Estimasi echocardiographic untuk fungsi ventrikel kiri sangat berguna dalam segi
prognosis, deteksi penurunan fungsi ventrikel kiri menunjukkan indikasi terapi
dengan inhibitor RAAS. Echocardiography juga dapat mengidentifikasi infark pada
ventrikel kanan, aneurisma ventrikuler, efusi pericardial, dan thrombus pada
ventrikel kiri. Selain itu, Doppler echocardiography juga dapat mendeteksi dan
kuantifikasi VSD dan regurgitasi mitral, dua komplikasi STEMI.
b) High resolution MRI
Infark miokard dapat dideteksi secara akurat dengan high resolution cardiac MRI.
c) Angiografi
Tes diagnostik invasif dengan memasukan katerterisasi jantung yang memungkinkan
visualisasi langsung terhadap arteri koroner besar dan pengukuran langsung terhadap
ventrikel kiri.
4) Indeks Nonspesifik Nekrosis Jaringan dan Inflamasi
Reaksi nonspesifik terhadap injuri myocardial berhubungan dengan leukositosis
polimorfonuklear, yang muncul dalam beberapa jam setelah onset nyeri dan menetap
selama 3-7 hari. Hitung sel darah putih seringkali mencapai 12.000-15.000/L.

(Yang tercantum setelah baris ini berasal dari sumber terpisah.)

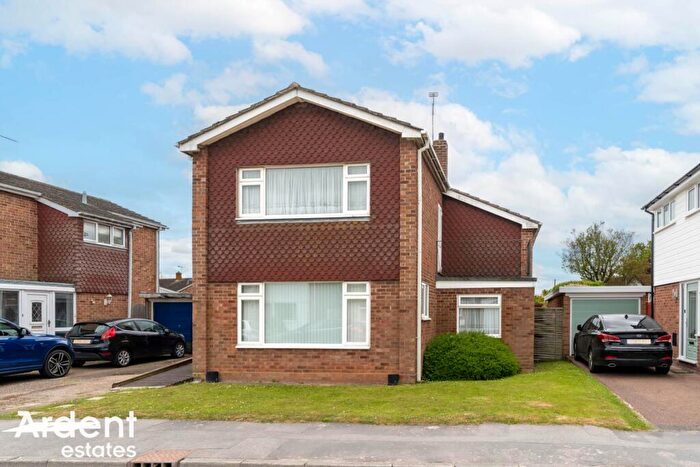 3 Bedroom Detached House For Sale In Gleneagles Way, Hatfield Peverel, CM3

Kecepatan sedimentasi eritrosit meningkat secara lebih lambat dibandingkan dengan
hitung sel darah putih, memuncak selama minggu pertama dan kadang tetap
meningkat selama 1 atau 2 minggu.
7. Penatalaksanaan
Tatalaksana IMA dengan elevasi ST saat ini mengacu pada data-data dari evidence
based berdasarkan penelitian randomized clinical trial yang terus berkembnag ataupun
konsesus dari para ahli sesuai pedoman (guideline).

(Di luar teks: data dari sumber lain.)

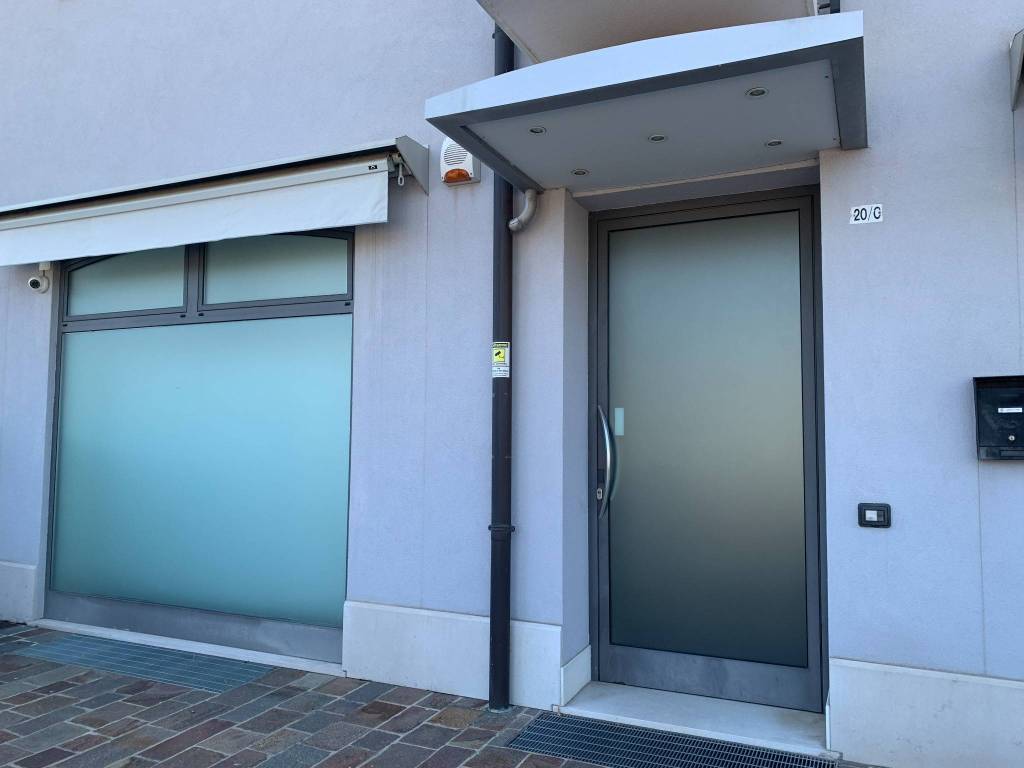 quadrivano in vendita a Montebelluna in zona Contea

Tujuan utama tatalaksana IMA adalah diagnosis cepat, menghilangkan nyeri dada,
penilaian dan implementasi strategi perfusi yang mungkin dilakukan, pemberian
antitrombotik dan terapi antiplatelet, pemberian obat penunjang dan tatalaksana
komplikasi IMA. Terdapat beberapa pedoman (guidelie) dalam tatalaksana IMA dengan
elevasi ST yaitu dari ACC/AHA tahun 2004 dan ESC tahun 2003. Walaupun demikian
perlu disesuaikan dengan kondisi sarana/fasilitas di tempat masing-masing senter dan
kemampuan ahli yang ada (khususnya di bidang kardiologi Intervensi).
Tatalaksana Awal
1. Tatalaksana Pra Rumah Sakit
Prognosis STEMI sebagian besar tergantung adanya 2 kelompok komplikasi umum
yaitu: komplikasi elektrikal (aritmia) dan komplikasi mekanik (pump failure). Sebagian
besar kematian di luar Rumah Sakit pada STEMI disebabkan adanya fibrilasi ventrikel
mendadak, yang sebagian besar terjadi dalam 24 jam pertama onset gejala. Dan lebih
dari separuhnya terjadi pada jam pertama. Sehingga elemen utama tatalaksana
prahospital pada pasien yang dicurigai STEMI antara lain:
Pengenalan gejala oleh pasien dan segera mencari pertolongan medis.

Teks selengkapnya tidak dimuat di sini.